Innovations, Cannibalization & Strategies

Innovations, Cannibalization & Strategies

Innovation is the ability to see change as an opportunity, not as a threat.

-Steve Jobs.

Job's statement has been a motivation for he ocean of businesses who dared to leave the sight of their coast. However, the ship of innovation often sails into mouths of the cannibalistic sharks.

Every organization knows it's BCG matrix for each product well and at every point of given time, strives to focus largely on innovation. Cash cows build the bottom line but dwelling simply on them puts the brand equity in danger. Incase of star, of course every org. wishes for its stars to align in the direction of growing the star quadrant but the rate of achieving it is comparatively low as compared to other quadrants.

So what threatens innovation? Apart from the risk of failure of high investment and losing the emotional connect with star performing products, there lies a risk that arises when the innovation succeeds. The risk of cannibalization. (What is cannibalization? The reduction of the sales of a company's own products as a consequence of its introduction of another similar product is known as cannibalization). Metaphorically speaking, do parents want to opt for a second child while the first one is doing well? the answer to that is completely a matter of opinion.

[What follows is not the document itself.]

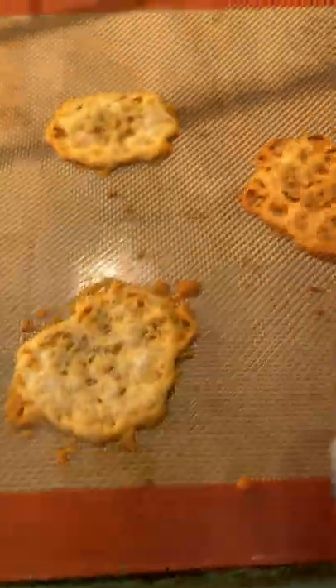Look at those. Check out that chip — super crunchy. Such a delicious, easy snack. You've got to try this.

So suppose you do innovate and bring in a second child, does it cannibalize the growth or attention of the first child? That depends on the difference between both. Unless the second one is born, the hypotheses of permutation and combination of results can keep swinging.

Let us consider the

First Case: Elder daughter, younger son

A very few parameters are common to judge both in the long run. The group of friends differs. The personalities are different. The focus on both is very unique and so are the expectations. As the comparison, group of peers, style and perception of people around towards both is fairly unique to each, the competition between both is comparatively low as compared to other cases. In case of a school competition, both compete in completely different categories.


Second Case: Two brothers

Competitive, each to its own. Although there can be a direct comparison between two, due to age gap and personality difference (assumed here), both may have different peer groups and social circles. Hence, could prove to be a healthy competition between the elder and the younger. In case of a school competition, although both compete in the men's category, both compete with students of their own ages only. Hence, both carry a chance to win.


Third Case: TWINS!!

Incase of twins, a direct comparison is always expected. In other cases, where both hold an equal chance to win, the twins who study in the same class are compelled to compete with each other and only one can win. The competition proves as a direct threat for each other. This often results in the net loss of the family.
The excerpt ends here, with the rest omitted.